While try_pbo_readpixels looks very complex, to me at least, it avoids the very costly CPU-GPU synchronization.
https://bugs.winehq.org/show_bug.cgi?id=45901
--- Comment #7 from Józef Kucia joseph.kucia@gmail.com --- I think that one problem with your patch is that it doesn't solve the issue completely. It fixes the problem only when the source resource is a render target. Otherwise, we still use the slow GetTexImage() path.
Other possible ways to fix the issue: 1) Optimize GetTexImage() in Mesa. 2) Use OpenGL resources for staging resources in wined3d. I think it could avoid the issue completely. CopyResource() would be a normal raw blit between 2 GL textures. However, it isn't something that we should change lightly. It needs some consideration, and I'm not sure if it's a very good idea.
https://bugs.winehq.org/show_bug.cgi?id=45901
--- Comment #8 from Henri Verbeet hverbeet@gmail.com --- (In reply to Józef Kucia from comment #7)

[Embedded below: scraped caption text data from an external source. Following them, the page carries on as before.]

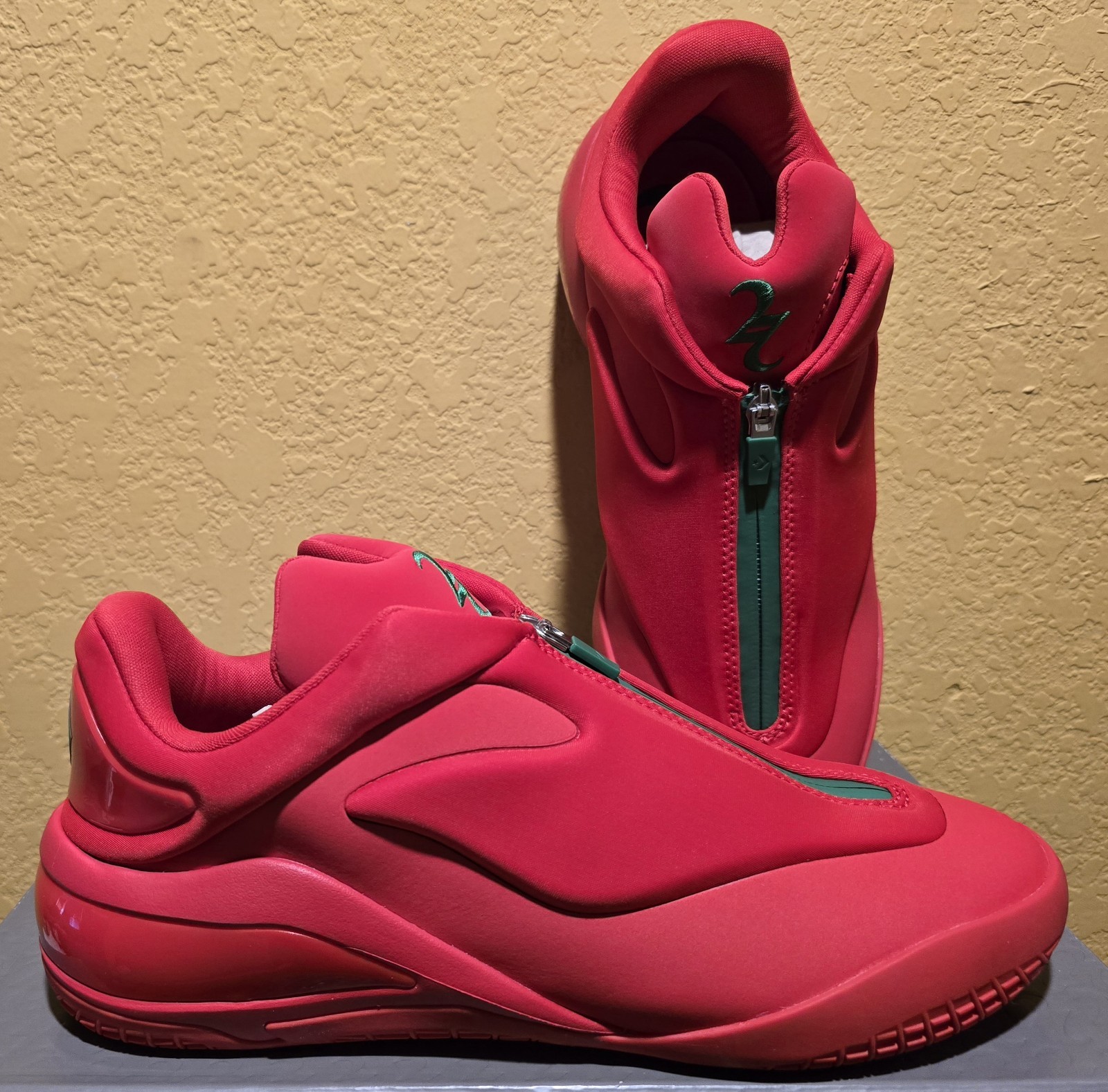 Size 9.5M - Shai 001 North Pole OX, University Red/Green (A18775C) image 6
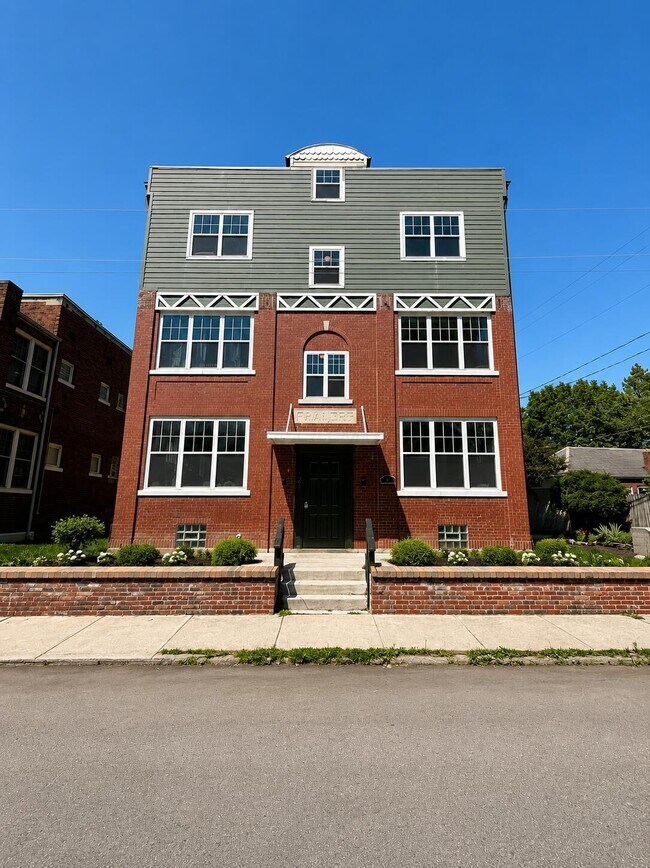 Building Photo - 27 Wilson Ave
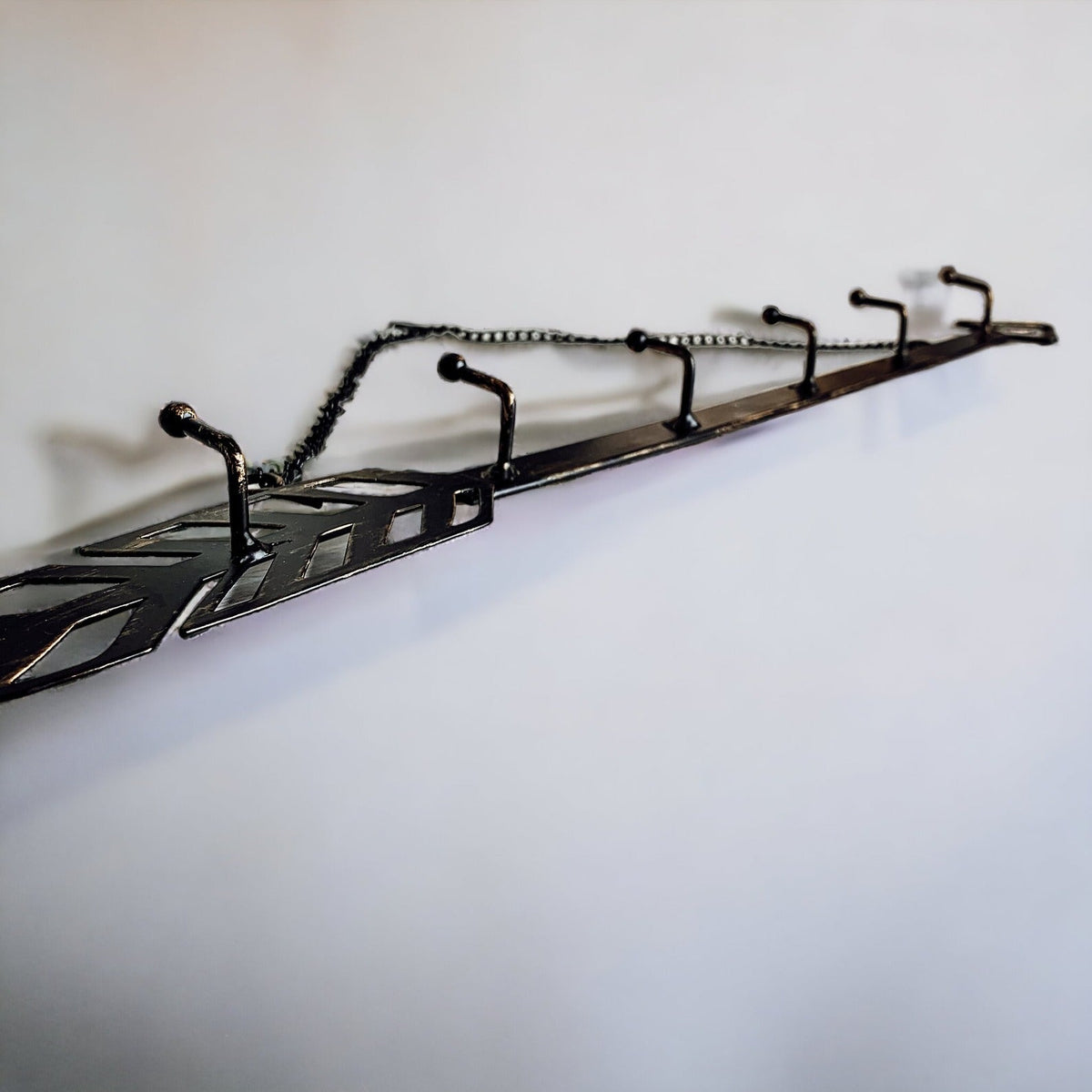 Arrow Wall Hook Hanger 6 Hook Metal Key and Jewelry Organizer Black 18x1.5x0.05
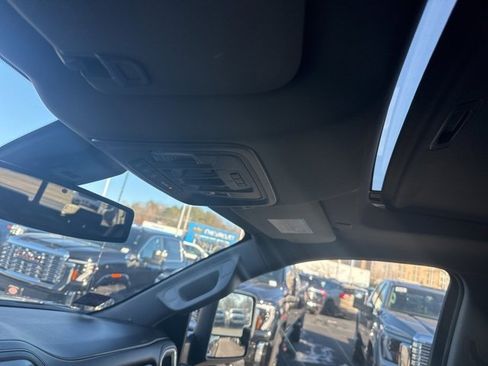Used 2022 GMC Sierra 2500 Denali image 24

I think that one problem with your patch is that it doesn't solve the issue completely. It fixes the problem only when the source resource is a render target. Otherwise, we still use the slow GetTexImage() path.
Other possible ways to fix the issue:
- Optimize GetTexImage() in Mesa.
I think we want this.
- Use OpenGL resources for staging resources in wined3d. I think it could
avoid the issue completely. CopyResource() would be a normal raw blit between 2 GL textures. However, it isn't something that we should change lightly. It needs some consideration, and I'm not sure if it's a very good idea.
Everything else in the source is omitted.